Pages

Thursday, July 30, 2015

Time for Compensations

Time for Compensations / 14ymedio, Miriam Celaya
Posted on July 29, 2015

14ymedio, Miriam Celaya, Havana, 22 July 2015 — After the media foreplay
stirred by the opening of the Cuban and US embassies in their respective
countries, some outstanding issues on the agenda of negotiations between
the two governments begin to surface as matters that should, in short
order, get the attention of the media and of public opinion.

Statements by senior officials on both sides have made reference to
cardinal issues that marred the Cuba-US relations for half a century,
whose solution – requiring very complex negotiations and agreement —
will depend on the success of the standardization process that has been
occupying headlines and raising expectations since this past December 17th.

One such point refers to compensation claims from both sides. On the US
side, for the expropriations suffered by large American companies in
Cuba, whose assets have remained in the hands of the Cuban government,
and the demands of Cuban citizens who emigrated to the US, who were also
stripped of their properties under laws introduced by the Revolution in
its early years which remained in place for decades. The total amount of
compensation demanded by those affected is estimated at about 7 or 8
billion dollars.

The Cuban government, in turn, is demanding that American authorities
"compensate the Cuban people for over $100 billion in human and economic
damages caused by US policies," referring to economic constraints
imposed by the commercial and financial embargo that has weighed on the
Island (the so-called "genocide"), as well as other damages resulting
from "terrorist attacks". The total that the Cuban Government has
established exceeds $100 billion, although it is not known how or who
came up with the process of quantification of the damages.
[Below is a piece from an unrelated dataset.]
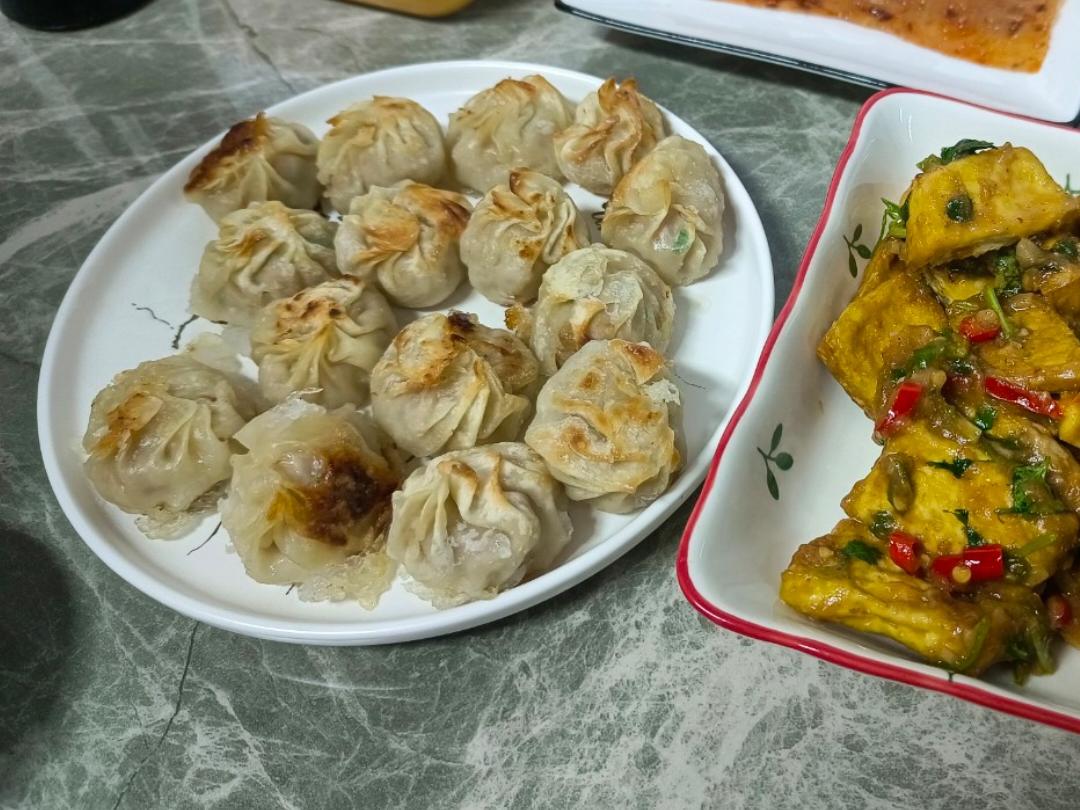 不揉面的--拇指生煎包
Up until recently, Cubans "in Cuba" have feared the supposed danger of
the nearly 6,000 compensation claims registered in the US at the Office
of Foreign Assets Control (OFAC, its acronym in English). A quasi-war
cry that emerged from the official discourse, when stating that those
once termed "siquitrillados"* — hat despicable gang of "bourgeois and
stateless softies" who stole the wealth that belonged to the humble
people and then took refuge under the shadow of Cuba's worst enemy —
were trying to recuperate what they had lost under the weight of
revolutionary justice. That is to say, in the event revolutionary power
might cease, thousands of Cuban families would be left homeless when the
former owners took back their real properties and evicted them from
their buildings. At the same time, children would be left without
schools and there would not be enough hospitals, jobs, etc.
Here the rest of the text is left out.